• [ABOUT THIS EXERCISE]:
In the records below, find the line containing "6126 Averill Way APT 210W, Dallas, TX, 75225", then copy that line and all lines after it, exactly, omitting every picture.
══════════════════════════════
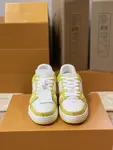 L*V TRAINER 1A8FN8 Sneakers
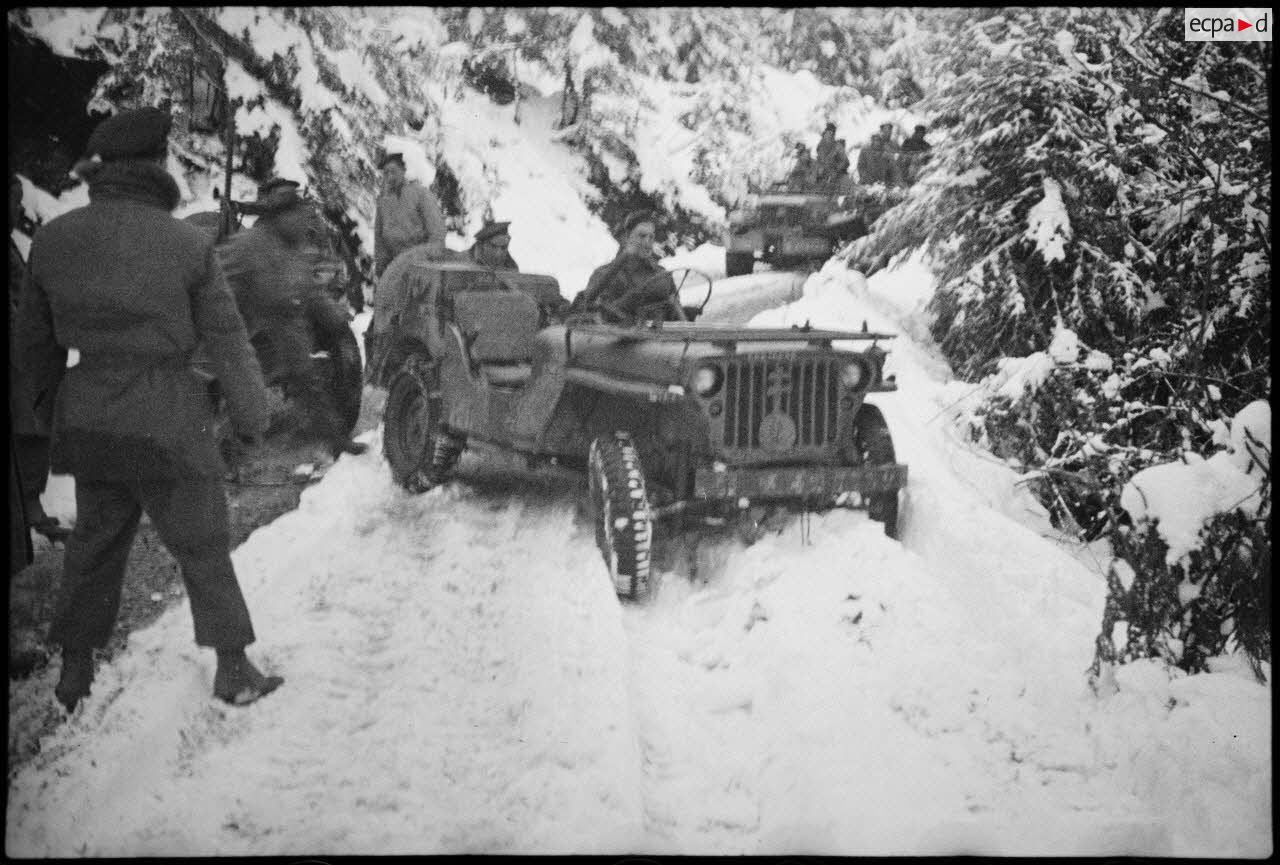 Jeep du 1er RFM (régiment de fusiliers marins) en difficulté dans la forêt enneigée de Grattery, dans les environs de Champagney (Haute-Saône), lors d'une patrouille de reconnaissance.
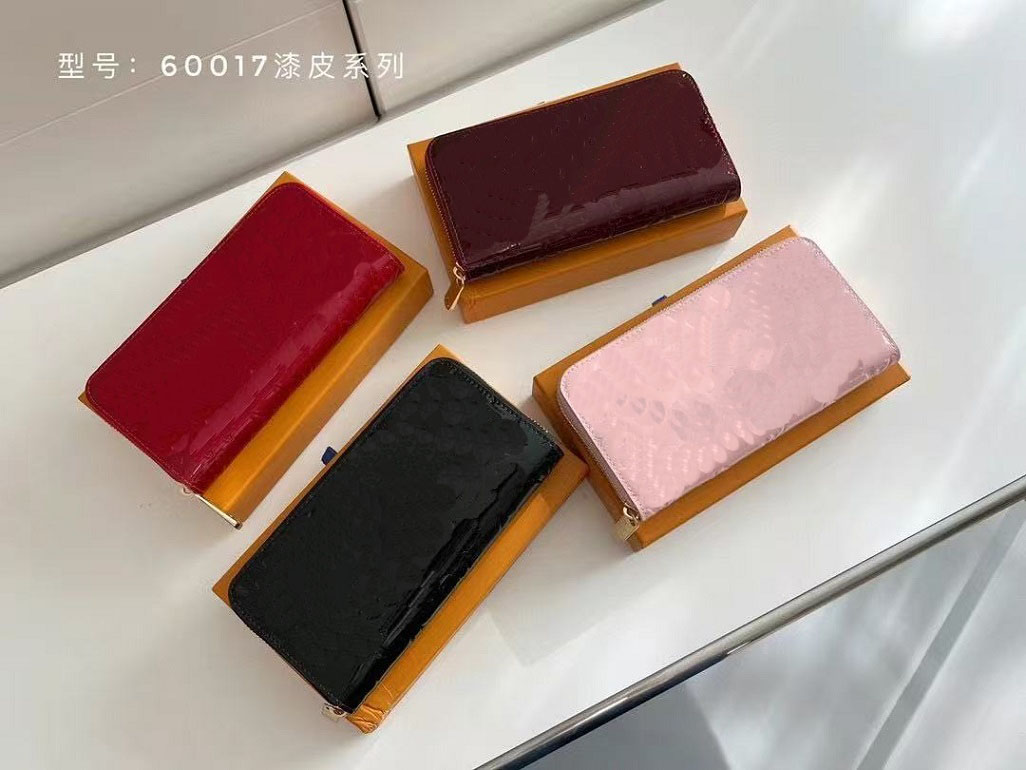 2025 new patent leather luxurys designers wallets Woman Fashion Clutch purses Chain wallets Card Holder Purse With Box Dust Bag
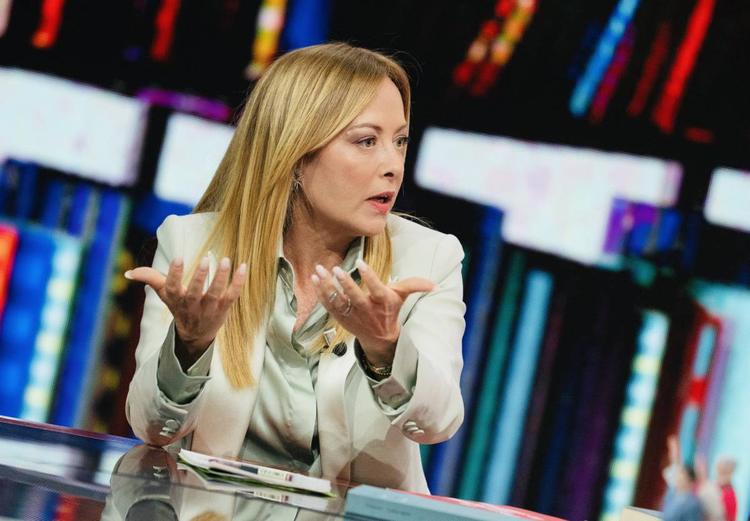 “Solidarietà e vicinanza”: la politica si stringe attorno a Meloni dopo la minaccia dell’Iran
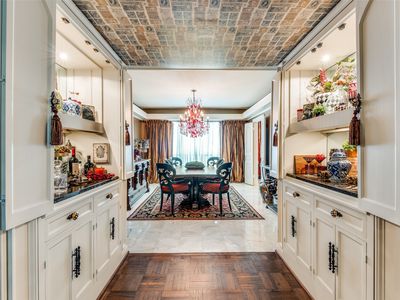 6126 Averill Way APT 210W, Dallas, TX, 75225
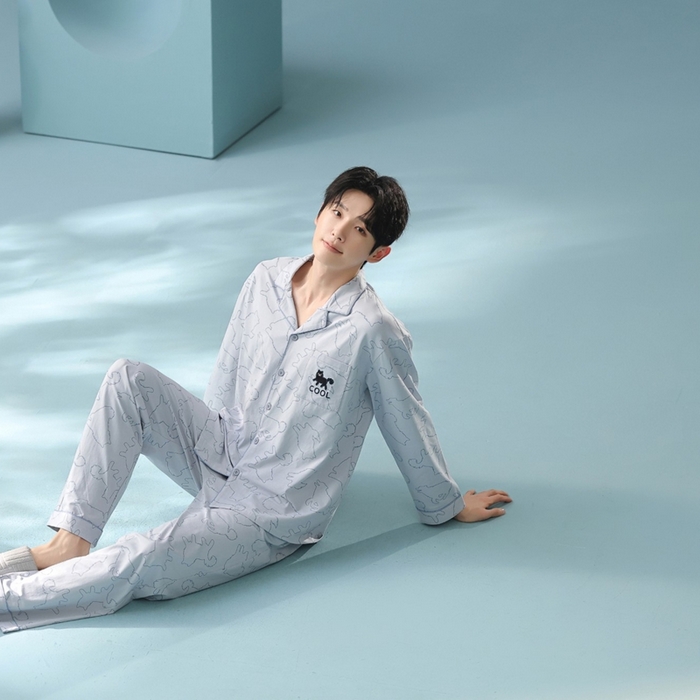 91家纺网 家纺一手货源 找家纺 （总）妍景家居生活馆 2025新款亲肤舒适新疆棉 线条狗狗套装蓝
══════════════════════════════
• [FINAL ANSWER]:
 6126 Averill Way APT 210W, Dallas, TX, 75225
 91家纺网 家纺一手货源 找家纺 （总）妍景家居生活馆 2025新款亲肤舒适新疆棉 线条狗狗套装蓝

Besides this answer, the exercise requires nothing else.